Reactions: Like 3 | Agree 1


----------



## sabrefm1 (4/3/14)

and just to put the word out there, vaping does not mess your tonsils up, before some cigarette lover reads this and thinks vaping is worst than analogues. otherwise more vapers will be removing their tonsils lol

Reactions: Like 1


----------



## Reinvanhardt (4/3/14)

sabrefm1 said:


> will prob focus on my mountain biking and spend the rands on their now lol.



Mmmmm... another fun addiction for sure! Herewith the mountain biking version of ecigssa. 

thehubsa Check them out. An awesome bunch of folks with a wealth of information.

Reactions: Like 1


----------



## sabrefm1 (4/3/14)

thanks will check them out, done my first comp on sat the argus 22km, hopefully can use the money from my ecig addiction and upgrade my bike

Reactions: Like 2


----------



## Reinvanhardt (4/3/14)

sabrefm1 said:


> thanks will check them out, done my first comp on sat the argus 22km, hopefully can use the money from my ecig addiction and upgrade my bike



 Great stuff! Once you're hooked, your're HOOKED! From what I've read there are quite a large amount of epic trails in the Cape area, definitely one of the best locations world wide. Just be wary... you're car might not be you're most valuable piece of transportation much longer. Lol!

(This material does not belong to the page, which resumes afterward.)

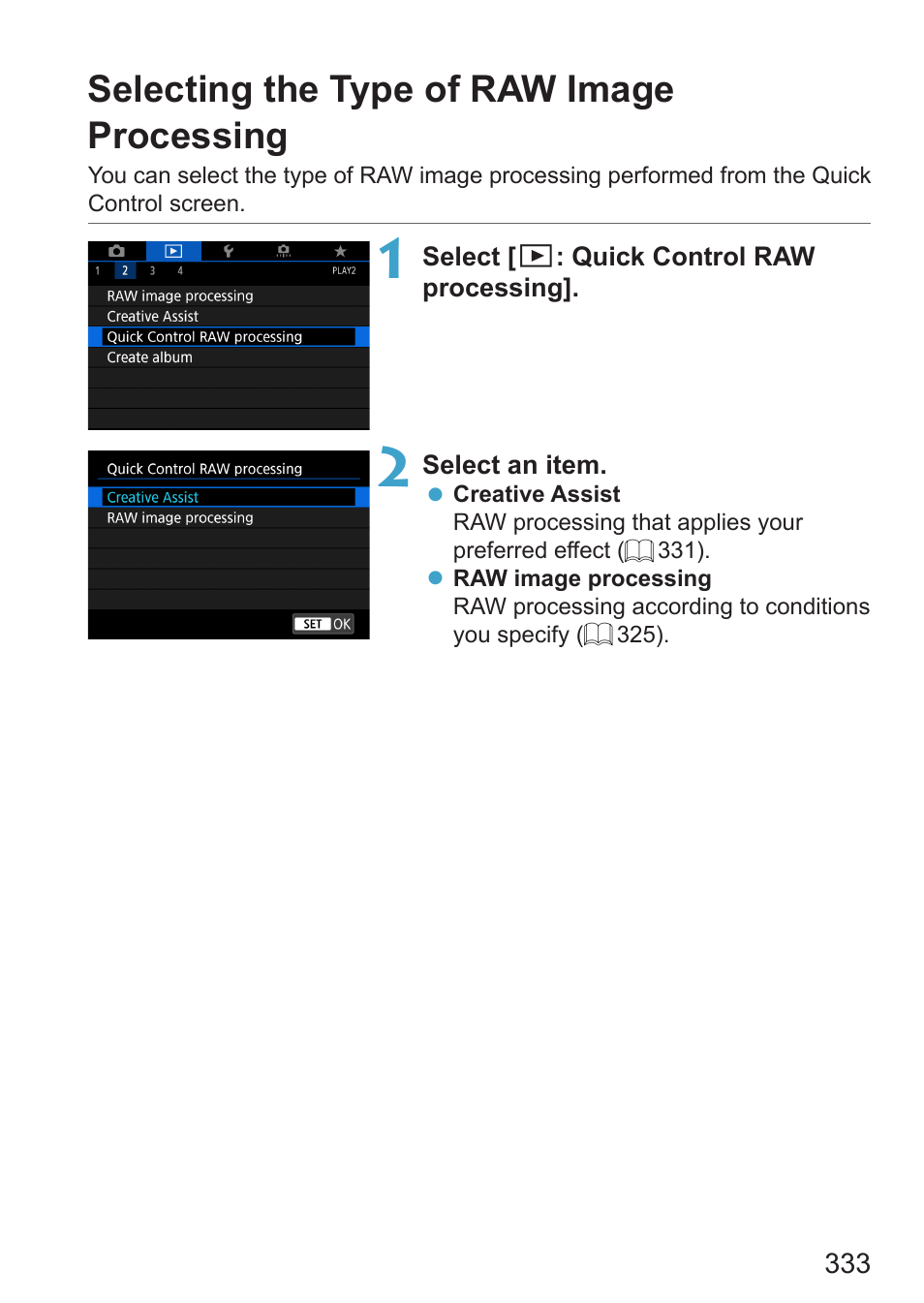 Selecting the type of raw image processing | Canon EOS RP Mirrorless Camera User Manual | Page 333 / 612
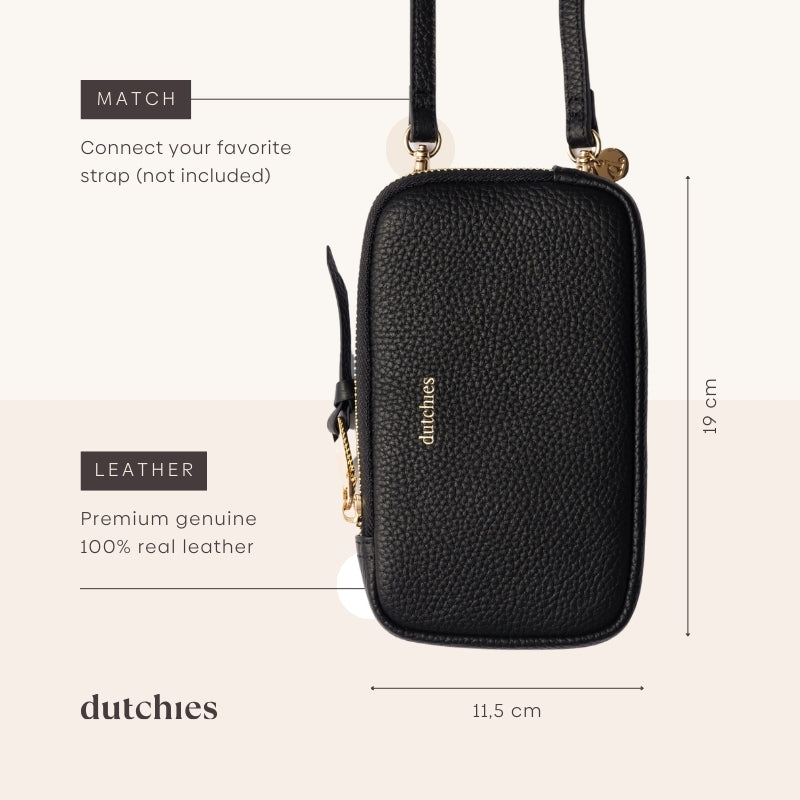 Mobiltaske ROSE | Black vist med mål, fremstillet i ægte læder og med en stilfuld Slimline Leather Strap.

Congrats on the 22k Argus!


----------



## sabrefm1 (4/3/14)

Reinvanhardt said:


> Great stuff! Once you're hooked, your're HOOKED! From what I've read there are quite a large amount of epic trails in the Cape area, definitely one of the best locations world wide. Just be wary... you're car might not be you're most valuable piece of transportation much longer. Lol!
> 
> Congrats on the 22k Argus!




thanks, well the wife already complaining about all the dirt in the car. as i drop the back seats and cart my bike inside of car, in the future will get a small bakkie to transport my bike. but my favorite spot is tokia

Reactions: Like 2


----------



## Silver (6/3/14)

Congrats on stopping nicotine altogether @sabrefm1 !
Do you still crave it?

Do pop in on the forum in a while and let us all know how its going.

All the best.
Respect


----------